Exercise prompt:
Return only the lines of the data below from the line with "Pagosa Left Nightstand" up to and including the line with "Nina Neli Evening Strappy Sandals", exactly as written, with the pictures omitted.

Data for review:
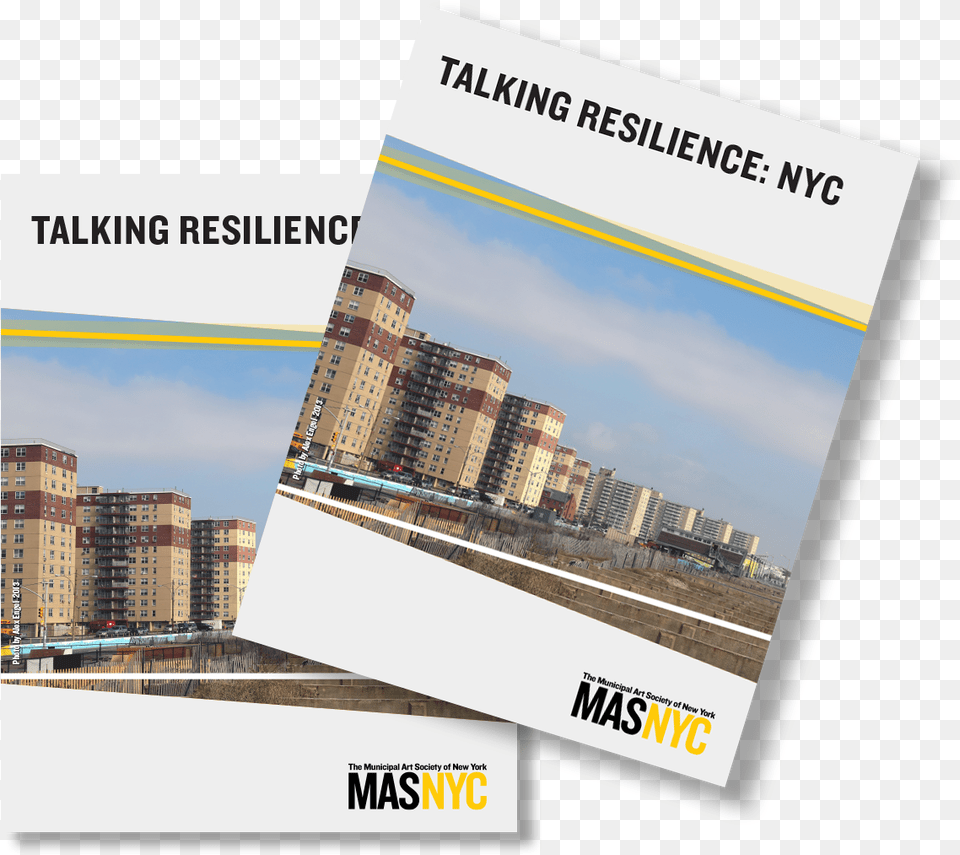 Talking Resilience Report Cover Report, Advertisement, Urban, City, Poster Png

* * *

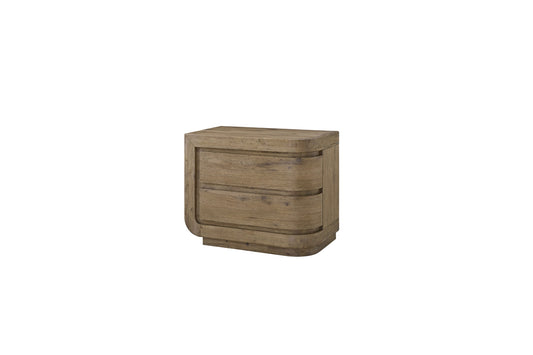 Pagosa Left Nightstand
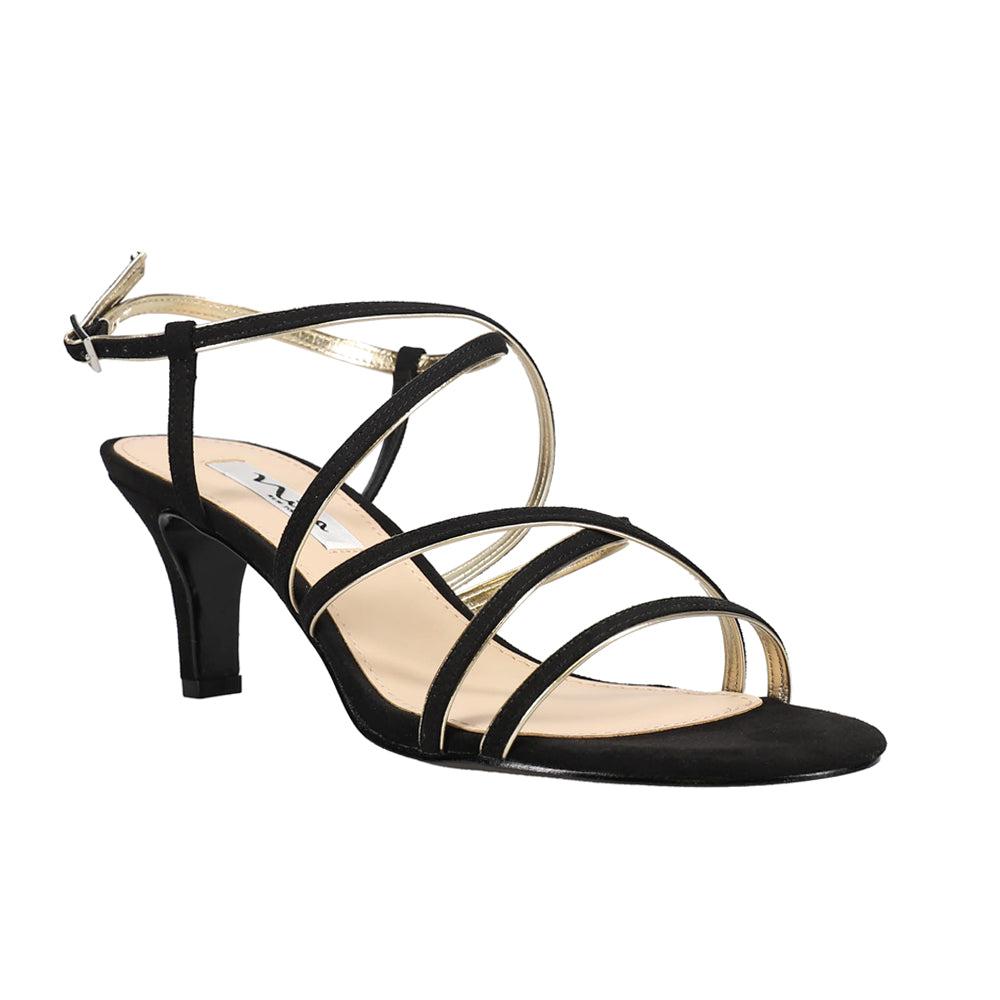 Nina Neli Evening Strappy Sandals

Exercise response:
 Pagosa Left Nightstand
 Nina Neli Evening Strappy Sandals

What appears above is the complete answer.